= William H. P. Denny =

American politician

William H. P. Denny (June 3, 1811 – September 29, 1890) was an American newspaper editor and publisher, and politician, in Ohio.

William was the son of George Denny (died September 22, 1823) and Sarah Higgins (died September 22, 1823), both of whom died on the evening of the same day. George Denny worked as a printer on the same newspaper where William was serving as an apprentice - The Western Star in Lebanon, Ohio. From circa 1830, William was a partner in the paper and later owned it outright until 1858. Denny then went to Dayton, Ohio, as publisher of the Dayton Daily and Weekly Gazette.

He then moved to Circleville, Ohio, where he founded the Union and then bought the Wilmington Journal in Wilmington, Ohio.

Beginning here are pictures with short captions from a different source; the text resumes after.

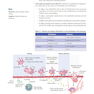 USMLE Step 1 Lecture Notes 2022: 7-Book Set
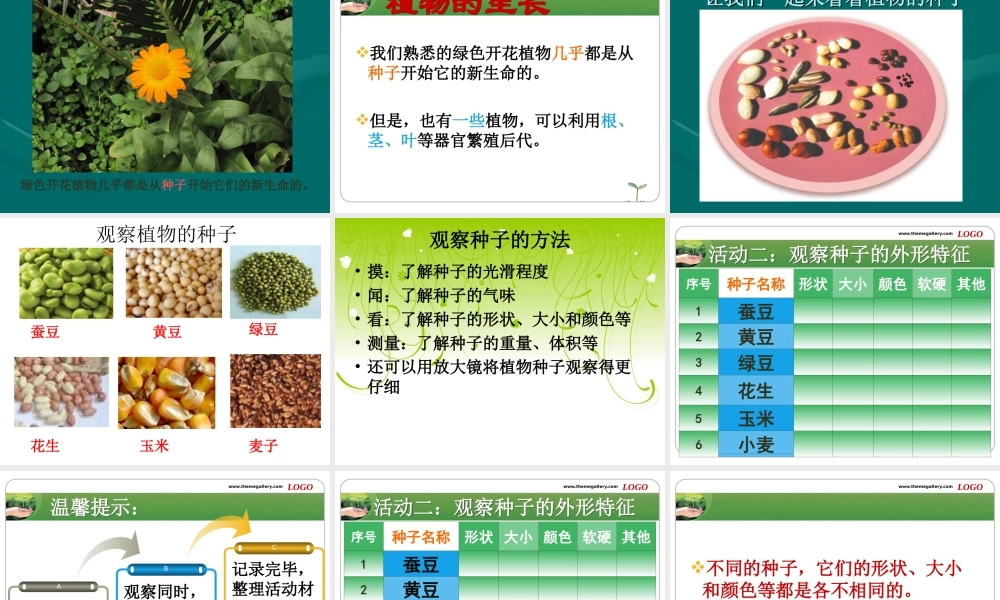 植物新生命的开始精修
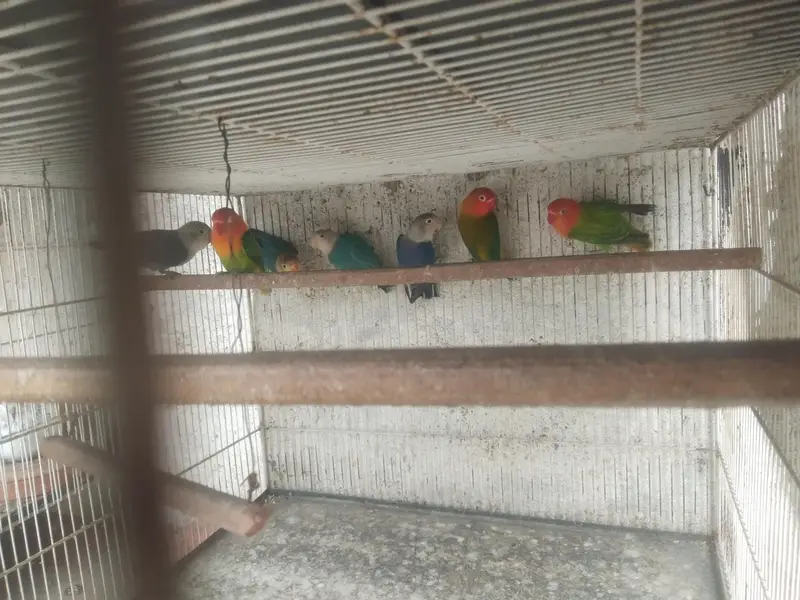 lovebird,finches,bhjes — photo 9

In 1877, he returned to Lebanon where he founded The Lebanon Gazette, selling out by 1880 when he moved to Georgetown, Ohio and founded the Georgetown Gazette. He served as a senator in the 41st and 42nd General Assemblies in 1842 and 1843.

William was married to Orpha Brown (died March 1876), and they had several children. William and Orpha are both buried in the Lebanon Cemetery in Lebanon, Warren County, Ohio (Old Section). William was buried in Lot 180-3 on October 2, 1890, and Orpha was buried in Lot 180-4 on March 18, 1876. William's grave is not marked with a gravestone.